Would you please copy the part of the material below that opens with the line containing "Load image into" and closes with the line containing "Casă nouă, nelocuită"? Copy it exactly, and only it.

Start of DATA SHOWN

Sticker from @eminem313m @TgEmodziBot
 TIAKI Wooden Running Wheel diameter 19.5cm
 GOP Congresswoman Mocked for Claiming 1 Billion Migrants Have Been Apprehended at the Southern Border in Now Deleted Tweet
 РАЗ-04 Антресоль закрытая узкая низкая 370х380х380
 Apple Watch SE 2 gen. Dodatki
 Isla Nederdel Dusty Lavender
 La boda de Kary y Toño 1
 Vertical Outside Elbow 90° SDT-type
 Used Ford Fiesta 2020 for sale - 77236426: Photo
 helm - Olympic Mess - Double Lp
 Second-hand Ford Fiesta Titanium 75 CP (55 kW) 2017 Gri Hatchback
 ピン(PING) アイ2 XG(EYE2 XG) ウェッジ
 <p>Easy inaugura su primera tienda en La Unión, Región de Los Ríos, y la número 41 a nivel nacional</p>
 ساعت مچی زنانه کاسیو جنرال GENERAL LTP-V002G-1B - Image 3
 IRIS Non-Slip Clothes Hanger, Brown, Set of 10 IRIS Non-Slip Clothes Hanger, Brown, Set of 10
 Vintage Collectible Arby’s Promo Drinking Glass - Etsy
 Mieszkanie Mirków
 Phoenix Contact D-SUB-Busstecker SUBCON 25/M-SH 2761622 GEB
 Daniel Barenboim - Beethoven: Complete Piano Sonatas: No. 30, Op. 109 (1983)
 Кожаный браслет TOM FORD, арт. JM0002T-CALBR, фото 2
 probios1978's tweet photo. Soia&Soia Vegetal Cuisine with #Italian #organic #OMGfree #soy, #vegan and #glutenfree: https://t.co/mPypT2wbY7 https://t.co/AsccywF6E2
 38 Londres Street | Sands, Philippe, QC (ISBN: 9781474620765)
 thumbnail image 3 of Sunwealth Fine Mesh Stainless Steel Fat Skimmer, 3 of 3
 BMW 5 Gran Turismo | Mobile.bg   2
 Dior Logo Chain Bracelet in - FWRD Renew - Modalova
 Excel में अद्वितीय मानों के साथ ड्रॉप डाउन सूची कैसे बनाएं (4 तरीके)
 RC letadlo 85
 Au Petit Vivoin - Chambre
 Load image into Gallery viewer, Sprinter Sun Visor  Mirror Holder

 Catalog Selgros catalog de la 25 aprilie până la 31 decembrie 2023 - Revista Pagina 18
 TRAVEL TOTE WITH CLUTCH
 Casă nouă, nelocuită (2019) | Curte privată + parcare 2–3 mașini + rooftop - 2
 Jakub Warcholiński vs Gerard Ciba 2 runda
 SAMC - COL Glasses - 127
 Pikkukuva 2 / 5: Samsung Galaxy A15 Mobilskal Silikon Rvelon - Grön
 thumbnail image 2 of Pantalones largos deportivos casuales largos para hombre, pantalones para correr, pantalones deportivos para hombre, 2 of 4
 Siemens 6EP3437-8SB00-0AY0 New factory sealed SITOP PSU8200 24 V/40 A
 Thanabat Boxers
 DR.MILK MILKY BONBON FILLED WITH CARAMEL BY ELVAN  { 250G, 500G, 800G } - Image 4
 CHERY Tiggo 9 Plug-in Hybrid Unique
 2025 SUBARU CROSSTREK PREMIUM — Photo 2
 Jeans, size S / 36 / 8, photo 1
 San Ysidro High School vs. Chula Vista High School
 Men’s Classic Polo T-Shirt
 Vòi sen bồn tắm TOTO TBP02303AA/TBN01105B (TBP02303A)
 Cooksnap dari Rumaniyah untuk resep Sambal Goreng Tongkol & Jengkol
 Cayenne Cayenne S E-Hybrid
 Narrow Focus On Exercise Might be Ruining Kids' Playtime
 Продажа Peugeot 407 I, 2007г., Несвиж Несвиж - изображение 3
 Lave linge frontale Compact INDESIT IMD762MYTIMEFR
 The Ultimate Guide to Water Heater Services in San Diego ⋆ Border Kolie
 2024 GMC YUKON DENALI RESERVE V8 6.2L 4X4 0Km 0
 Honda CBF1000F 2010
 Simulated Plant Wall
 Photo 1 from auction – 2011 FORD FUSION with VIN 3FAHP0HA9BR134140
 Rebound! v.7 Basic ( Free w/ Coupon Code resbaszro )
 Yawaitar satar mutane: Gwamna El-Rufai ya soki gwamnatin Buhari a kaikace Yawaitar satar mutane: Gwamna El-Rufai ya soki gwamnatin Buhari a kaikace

End of DATA SHOWN

* ANSWER *
 Load image into Gallery viewer, Sprinter Sun Visor  Mirror Holder

 Catalog Selgros catalog de la 25 aprilie până la 31 decembrie 2023 - Revista Pagina 18
 TRAVEL TOTE WITH CLUTCH
 Casă nouă, nelocuită (2019) | Curte privată + parcare 2–3 mașini + rooftop - 2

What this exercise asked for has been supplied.